28. An instrument appointing a proxy shall be in writing, executed by or on behalf of the appointer and shall be in the following form (or in a form as near thereto as circumstances allow or in any other form which is usual or which the Executive Committee may approve): -"THE CONFEDERATION OF COMMUNITY GROUPS OF NEWRY & DISTRICT"

I/We, , of

being a member/members of the above-named Company, hereby appoint

of ,or failing him,

of , as my/our proxy to vote in my/our name(s) and on my/our behalf at the Annual /Extraordinary General meeting of the Company to be held on , and at any adjournment thereof. Signed on 20 .
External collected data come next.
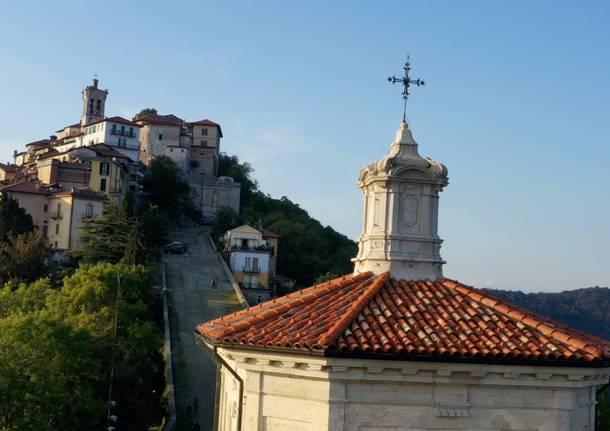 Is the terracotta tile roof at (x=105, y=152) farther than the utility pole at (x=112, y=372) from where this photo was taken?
Yes

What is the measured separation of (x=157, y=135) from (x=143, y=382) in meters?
92.5

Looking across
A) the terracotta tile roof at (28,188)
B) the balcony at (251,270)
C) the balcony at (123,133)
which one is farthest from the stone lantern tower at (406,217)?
the balcony at (123,133)

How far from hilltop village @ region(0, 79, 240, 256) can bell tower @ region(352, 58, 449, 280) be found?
78.7m

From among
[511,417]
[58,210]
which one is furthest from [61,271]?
[511,417]

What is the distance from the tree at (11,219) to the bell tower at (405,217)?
6974cm

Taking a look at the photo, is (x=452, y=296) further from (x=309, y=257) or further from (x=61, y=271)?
(x=309, y=257)

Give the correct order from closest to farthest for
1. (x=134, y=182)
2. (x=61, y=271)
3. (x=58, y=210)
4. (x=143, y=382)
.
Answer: (x=143, y=382) → (x=61, y=271) → (x=58, y=210) → (x=134, y=182)

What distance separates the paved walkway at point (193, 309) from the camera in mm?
48750

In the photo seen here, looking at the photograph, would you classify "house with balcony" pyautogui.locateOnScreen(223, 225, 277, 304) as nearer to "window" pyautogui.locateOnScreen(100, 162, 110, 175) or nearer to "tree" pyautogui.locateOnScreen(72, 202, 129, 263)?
"tree" pyautogui.locateOnScreen(72, 202, 129, 263)

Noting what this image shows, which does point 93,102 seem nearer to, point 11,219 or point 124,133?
point 124,133

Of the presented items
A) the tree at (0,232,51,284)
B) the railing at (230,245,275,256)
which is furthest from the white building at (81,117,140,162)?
the tree at (0,232,51,284)

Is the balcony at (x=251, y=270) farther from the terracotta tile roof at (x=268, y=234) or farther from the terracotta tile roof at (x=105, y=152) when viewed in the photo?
the terracotta tile roof at (x=105, y=152)

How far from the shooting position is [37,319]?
1711 inches

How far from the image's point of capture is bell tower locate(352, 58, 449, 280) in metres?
15.7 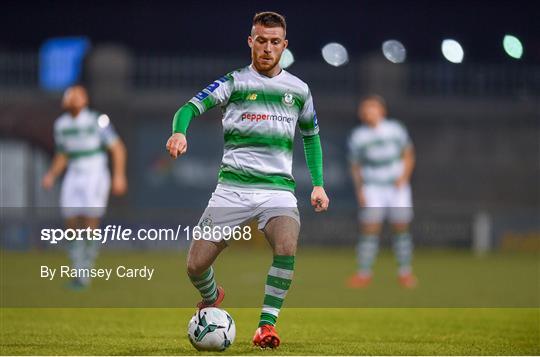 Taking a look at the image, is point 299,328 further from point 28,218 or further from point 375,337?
point 28,218

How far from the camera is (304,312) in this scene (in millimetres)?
10734

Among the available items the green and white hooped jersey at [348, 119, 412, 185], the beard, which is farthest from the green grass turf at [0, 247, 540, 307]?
the beard

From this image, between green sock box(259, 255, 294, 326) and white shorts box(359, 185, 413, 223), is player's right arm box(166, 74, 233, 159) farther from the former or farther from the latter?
white shorts box(359, 185, 413, 223)

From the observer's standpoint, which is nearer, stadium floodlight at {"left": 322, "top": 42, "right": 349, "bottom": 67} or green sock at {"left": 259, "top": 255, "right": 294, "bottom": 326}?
green sock at {"left": 259, "top": 255, "right": 294, "bottom": 326}

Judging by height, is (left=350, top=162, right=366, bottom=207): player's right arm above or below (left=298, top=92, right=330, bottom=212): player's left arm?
below

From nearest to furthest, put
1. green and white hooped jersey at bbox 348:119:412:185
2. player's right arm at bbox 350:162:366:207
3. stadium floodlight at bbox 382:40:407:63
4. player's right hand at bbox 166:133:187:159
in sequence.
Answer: player's right hand at bbox 166:133:187:159
player's right arm at bbox 350:162:366:207
green and white hooped jersey at bbox 348:119:412:185
stadium floodlight at bbox 382:40:407:63

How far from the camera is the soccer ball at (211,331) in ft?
24.1

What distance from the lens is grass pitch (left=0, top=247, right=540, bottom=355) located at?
795cm

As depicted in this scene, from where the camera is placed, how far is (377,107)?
49.5 feet

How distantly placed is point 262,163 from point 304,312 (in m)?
3.54

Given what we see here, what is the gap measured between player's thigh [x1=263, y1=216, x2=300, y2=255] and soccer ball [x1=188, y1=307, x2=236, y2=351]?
546 mm

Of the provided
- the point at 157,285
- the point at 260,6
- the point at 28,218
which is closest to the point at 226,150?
the point at 157,285

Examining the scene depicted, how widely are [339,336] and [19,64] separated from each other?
52.8ft

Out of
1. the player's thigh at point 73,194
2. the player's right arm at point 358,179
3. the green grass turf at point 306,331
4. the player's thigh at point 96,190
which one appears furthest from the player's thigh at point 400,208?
the player's thigh at point 73,194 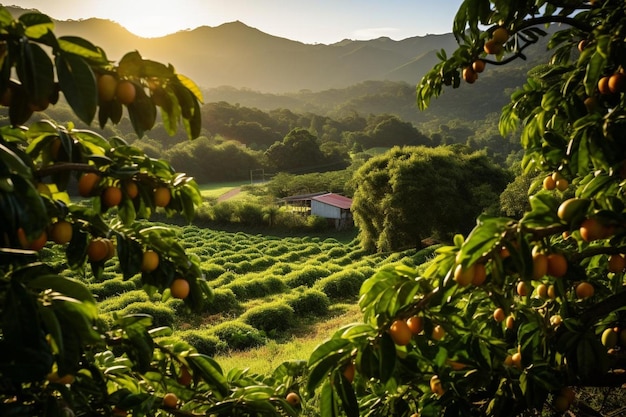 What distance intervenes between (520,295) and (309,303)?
43.1ft

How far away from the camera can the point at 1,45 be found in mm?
1064

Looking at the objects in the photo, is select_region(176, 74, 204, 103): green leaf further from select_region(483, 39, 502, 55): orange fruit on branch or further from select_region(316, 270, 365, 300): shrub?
select_region(316, 270, 365, 300): shrub

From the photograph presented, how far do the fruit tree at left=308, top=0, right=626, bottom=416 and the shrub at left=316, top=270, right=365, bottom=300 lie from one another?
13.8 meters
29. Where it is desired to afford members an opportunity of instructing the proxy how he shall act the instrument appointing a proxy shall be in the following form (or in a form as near thereto as circumstances allow or in any other form which is usual or which the Executive Committee may approve):-

"THE CONFEDERATION OF COMMUNITY GROUPS OF NEWRY & DISTRICT"

I/We, , of

being a member/members of the above-named Company, hereby appoint

of ,or failing him,

of , as my/our proxy vote in my/our name(s) and on my/our behalf at the Annual /Extraordinary General meeting of the Company to be held on , and at any adjournment thereof. Signed on 20 .

This form is to be used in respect of the resolutions mentioned below as follows:- Resolution No. 1 'for "against Resolution No. 2 *for 'against

(*Strike out whichever not desired).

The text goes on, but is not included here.